Like most esports mice, the Burst Pro is functionally very simple. The buttons are in a standard six-button layout: Two click panels, a scroll wheel button, and a large square DPI cycle in the center column. On the left side, there are two “back” and “forward” buttons. Unlike many mice, the Burst Pro has a large gap between the two click panels, creating a literal center column for the scroll wheel and DPI button. Though the click panels lack finger contouring, their thin shapes guide your hand into a specific position.
With no rubberized grips on the side, and a smooth plastic shell on top, the mouse doesn’t do much to keep your hand in position. You’ll need to apply a bit of grip to hold on, especially when your hands get sweaty. It undermines the mouse’s ergonomic benefits and, more importantly, may impede play in a critical moment.

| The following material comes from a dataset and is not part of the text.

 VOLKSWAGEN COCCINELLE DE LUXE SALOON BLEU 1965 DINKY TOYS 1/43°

The Burst Pro is the first mouse to feature Roccat’s new Titan optical mouse switches. Like HP, Razer, and other gaming mouse manufacturers that pivoted to optical switches, Roccat claims that optical switches enable an unperceivable response time reduction and drastically increase a mouse’s durability. Roccat states that the Burst Pro’s switches are rated through 100,000 clicks, which is high, even among optical switches. Of course, these claims are hard to test in everyday play. I’d take the company’s claims with a grain of salt: I’ve experienced no tangible difference between the Titan and a mechanical switch, after over a week of testing.

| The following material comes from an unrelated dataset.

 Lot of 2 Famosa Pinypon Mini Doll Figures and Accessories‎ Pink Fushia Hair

It also has a very nice custom sensor. The Burst Pro features Roccat’s Owl-Eye sensor, a custom variant of the Pixart PMW3389, which tracks at up to 16,000 DPI and is accurate at up to 400 inches per second. Many esports mice are inexpensive because they’re simple and lack features. As a result, many of them contain lower-grade sensors. Like the Razer Viper, the Burst Pro is a little more expensive, but offers better performance in the most intense gaming moments.
Swarm Like a Pro
The Burst Pro takes advantage of Roccat’s longtime configuration app, Swarm, which lets you remap buttons, create macros, and reconfigure the mouse’s RGB lighting, among other things. Swarm feels slightly low-fi in presentation, but offers a very strong range of customization features. Beyond the usual customizations, you can customize system-level features, such as scroll wheel speed, cursor speed, and double-click speed. Swarm also lets you customize the scroll wheel’s functions, which not every manufacturer allows. Like all recent Roccat products, the Burst Pro also features Aimo, an algorithmically generated RGB randomizer that theoretically changes based on your activity.

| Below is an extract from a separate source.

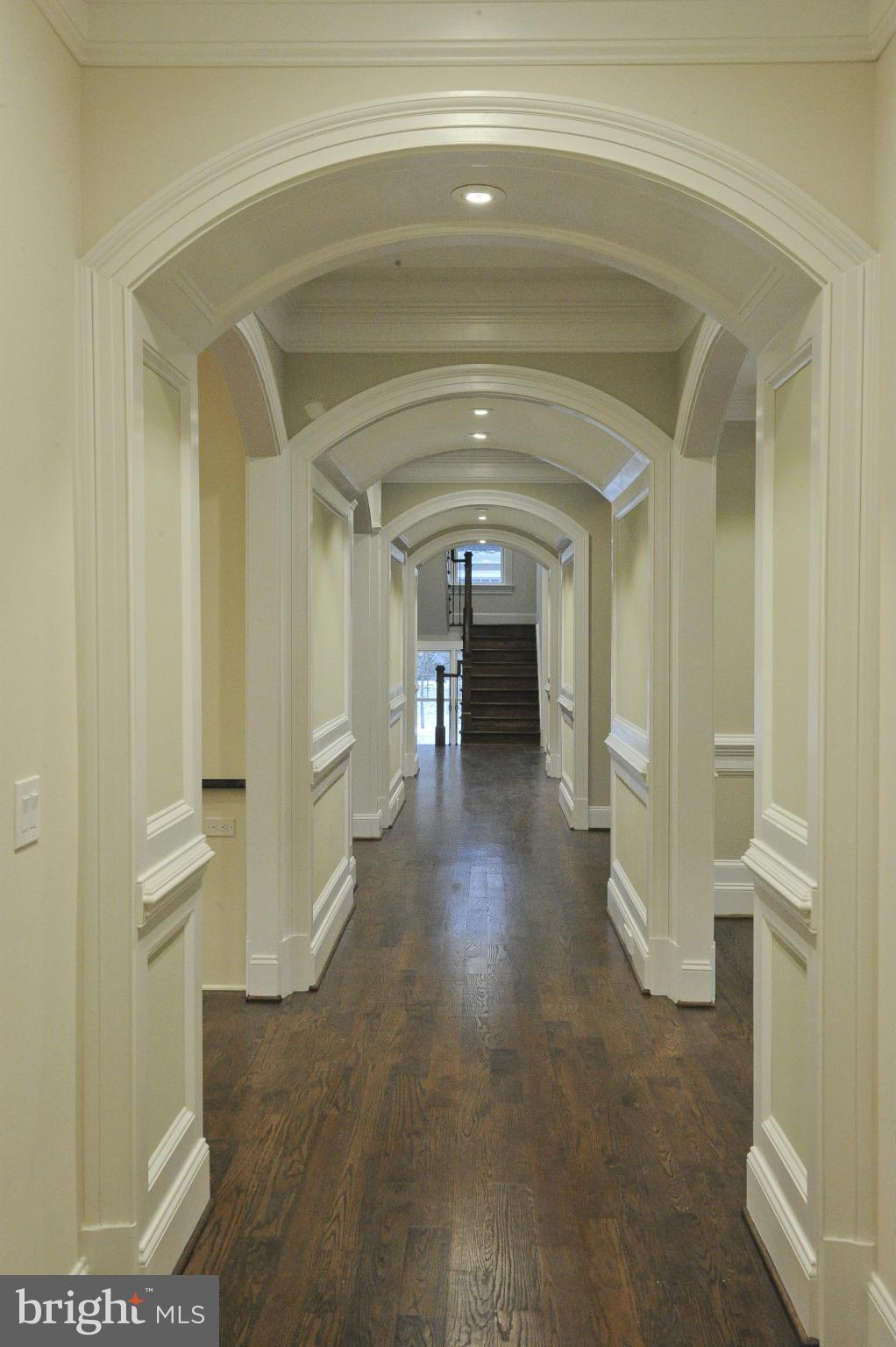 1717 Birch Road McLean, VA 22101 - Photo 6 of 30 Gallery - Mail Level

The Burst Pro can store up to five onboard profiles in memory, so you can carry them with you from device to device. That’s about as many as you’ll get from most mice at any price point. Swarm also lets you create additional profiles to store locally on your PC. I’m still waiting for Roccat to give Swarm a modern polish that reflects the software’s functionality, but I’ll take function over form in configuration apps every time.
Find Your Niche
The Roccat Burst Pro is a bit of an anomaly among esports mice. It’s a light mouse, but its low weight doesn’t come at the expense of a comfortable shape. It’s chasing the honeycombed chassis trend, but the honeycomb design doesn’t offer a size-reducing support structure. (Roccat says it’s designed to keep dust out, but that seems silly.) At $59.99, the Burst Pro is a little pricier than much of its competition, but for that added expense you get a better sensor than you would from most sub-$50 mice.
So, the Burst Pro is a bit of an odd duck, but that’s not a bad thing. Falling between diamond-in-the-rough budget picks like the Glorious Model D and high-end competitive options like the Editors’ Choice award-winning Razer Viper Ultimate, the Burst Pro offers an appealing value proposition to competitive players.